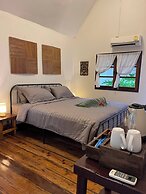 Vanara Bungalows & Restaurant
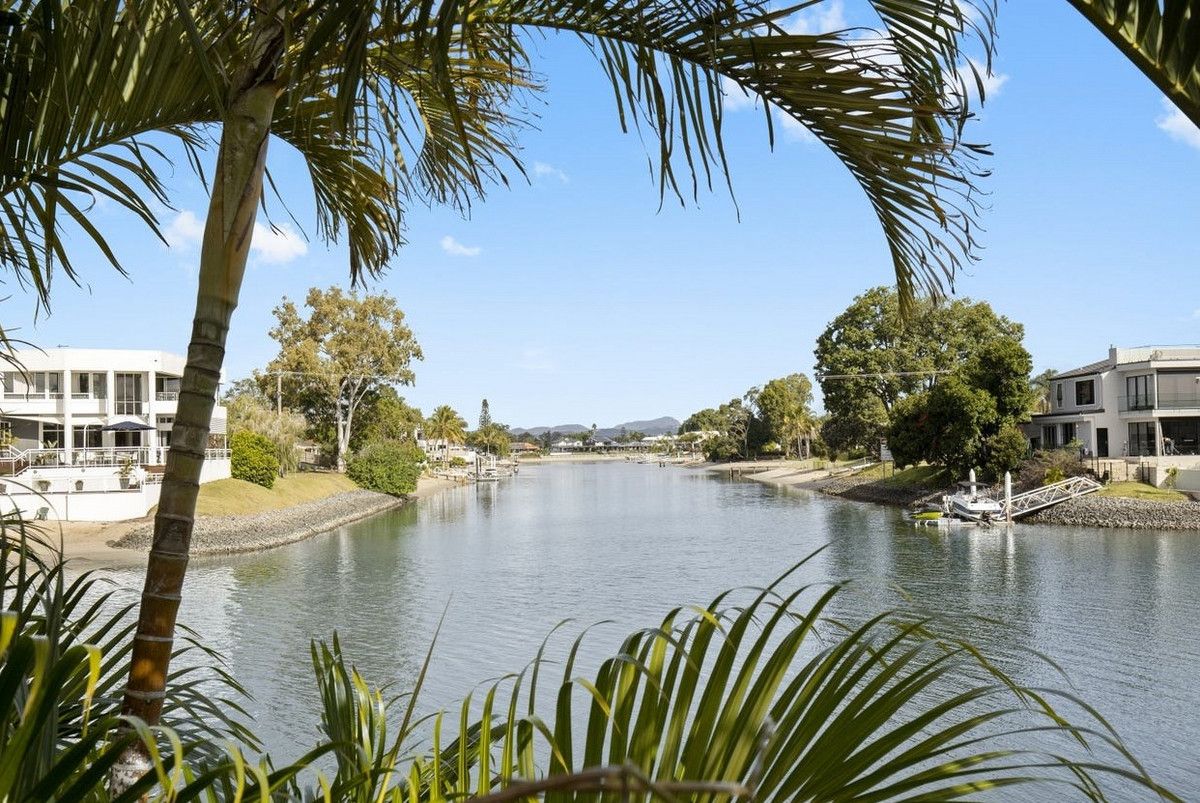 25 Pearl Key, Broadbeach Waters QLD 4218 - House For Rent - $995 | Domain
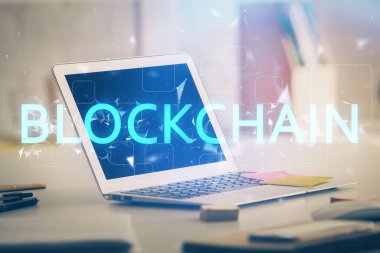 Blockchain temalı holograma ve bilgisayar arkaplanlı masaya çoklu maruz kalma. Bitcoin şifreleme para birimi kavramı.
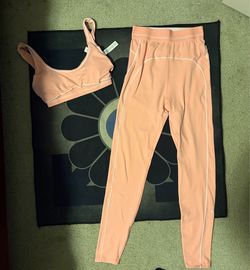 Pink alo yoga set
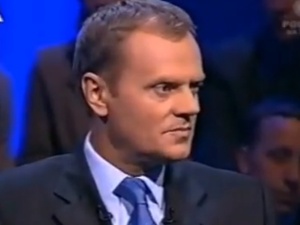 Naciski na prezydenta. Internauci przypomnieli Tuskowi nagranie z 2005 roku 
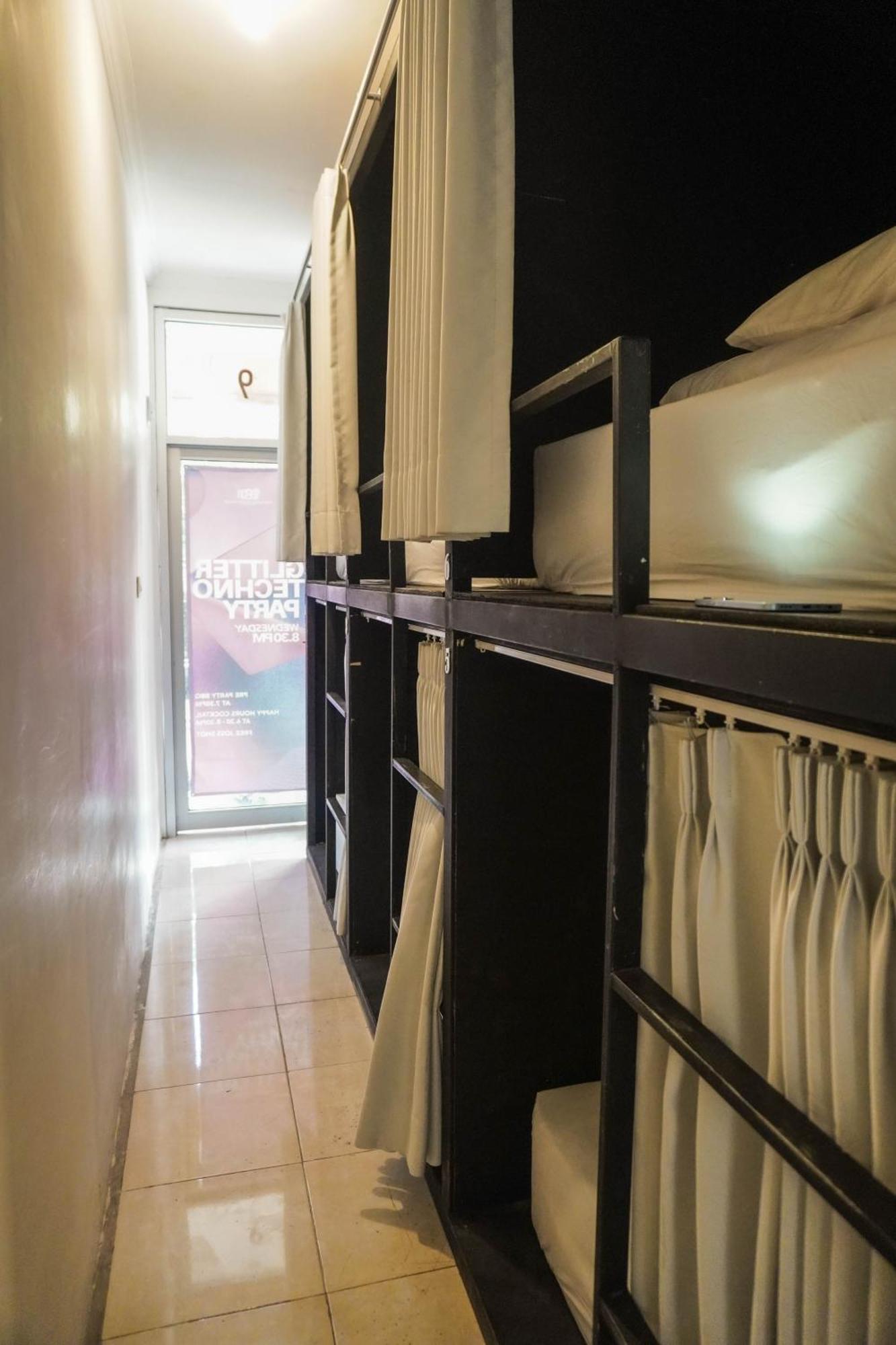 Indonesia Backpacker Hostels Kuta  Ngoại thất bức ảnh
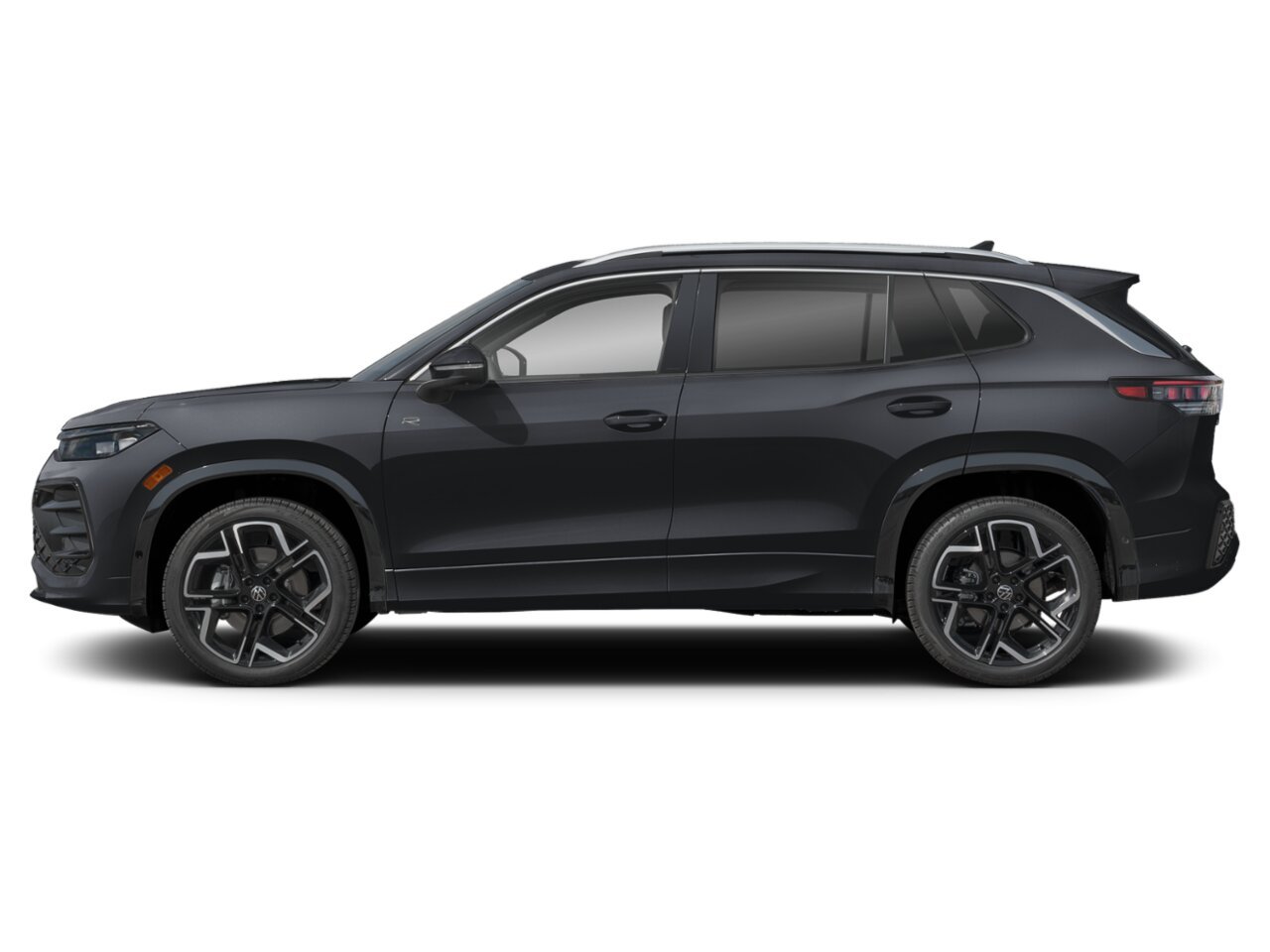 2026 Volkswagen Tiguan Deep Black Pearl Rouyn-Noranda - photo #2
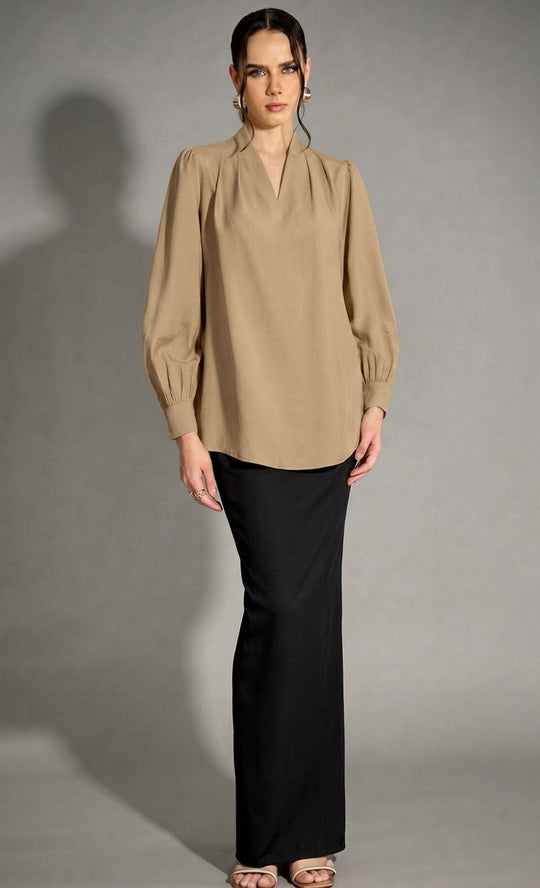 Nina Top in Hazelnut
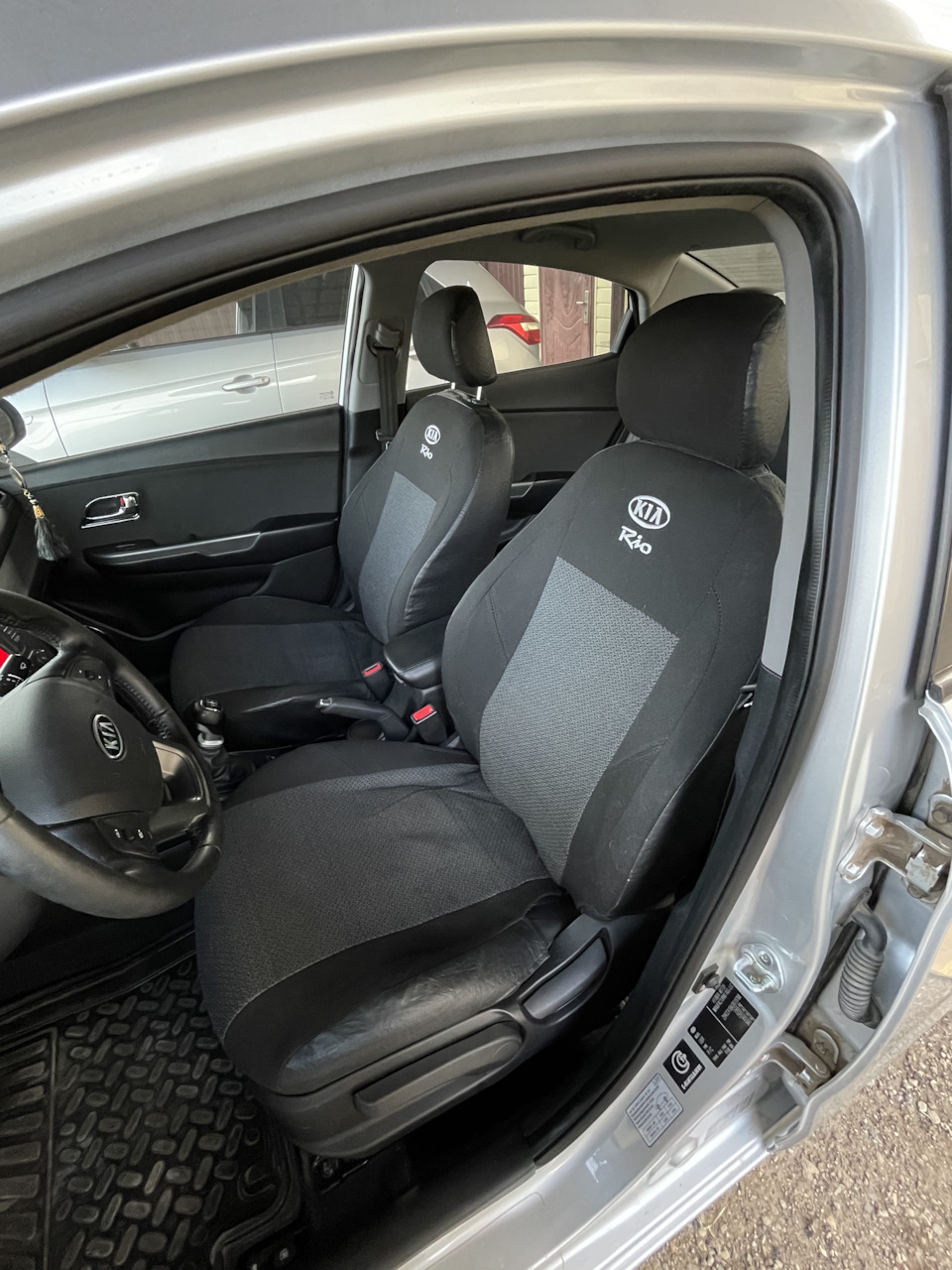 Установка тканевых чехлов на сиденья 📍 — KIA Rio (3G), 1,6 л, 2011 года ...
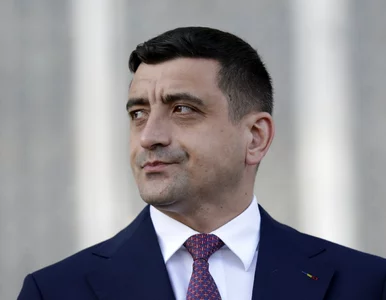 Miniatura: Rumuni wybierają prezydenta. Pierwszą turę...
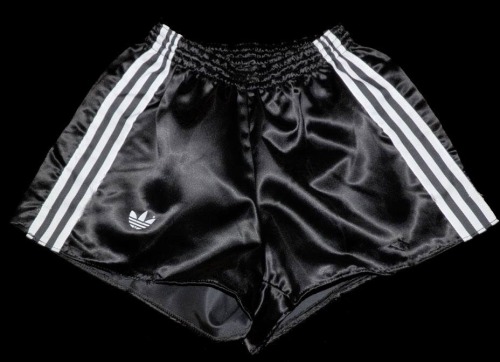 vintageboyshorts:Shiny satin polyamide shorts 1980 style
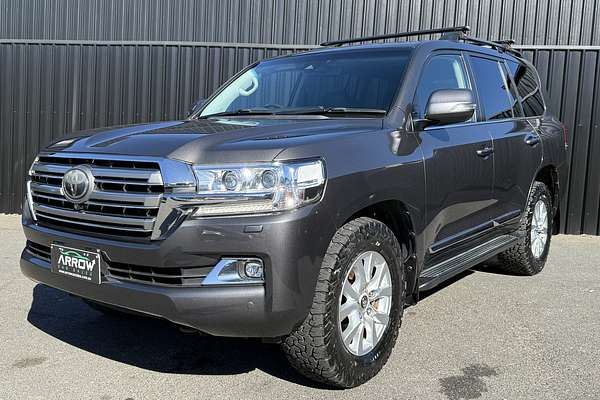 2017 Toyota Landcruiser Sahara VDJ200R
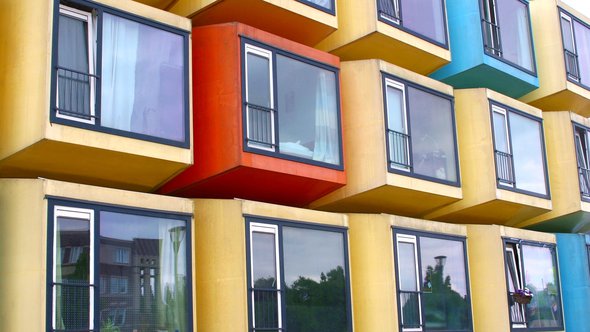 Nederlandse containerhuizen voor studenten, starters en immigranten. Modulaire appartementswoningen door Inge Hogenbijl (bron: Shutterstock.com)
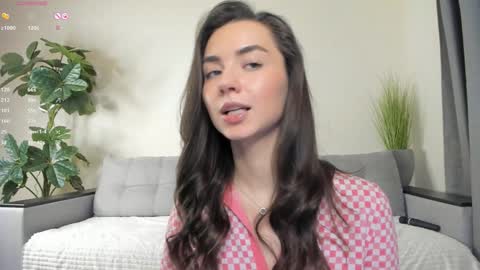 Snapshot of nicoleluuv chatting on February 2, 2025, 7:14 pm Dua Lipa online show from February 2, 2025, 7:14 pm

────────────────────

● **What needs to be done**
Please reproduce the records above exactly and leave any picture behind.

● **Your solution**
 Vanara Bungalows & Restaurant
 25 Pearl Key, Broadbeach Waters QLD 4218 - House For Rent - $995 | Domain
 Blockchain temalı holograma ve bilgisayar arkaplanlı masaya çoklu maruz kalma. Bitcoin şifreleme para birimi kavramı.
 Pink alo yoga set
 Naciski na prezydenta. Internauci przypomnieli Tuskowi nagranie z 2005 roku 
 Indonesia Backpacker Hostels Kuta  Ngoại thất bức ảnh
 2026 Volkswagen Tiguan Deep Black Pearl Rouyn-Noranda - photo #2
 Nina Top in Hazelnut
 Установка тканевых чехлов на сиденья 📍 — KIA Rio (3G), 1,6 л, 2011 года ...
 Miniatura: Rumuni wybierają prezydenta. Pierwszą turę...
 vintageboyshorts:Shiny satin polyamide shorts 1980 style
 2017 Toyota Landcruiser Sahara VDJ200R
 Nederlandse containerhuizen voor studenten, starters en immigranten. Modulaire appartementswoningen door Inge Hogenbijl (bron: Shutterstock.com)
 Snapshot of nicoleluuv chatting on February 2, 2025, 7:14 pm Dua Lipa online show from February 2, 2025, 7:14 pm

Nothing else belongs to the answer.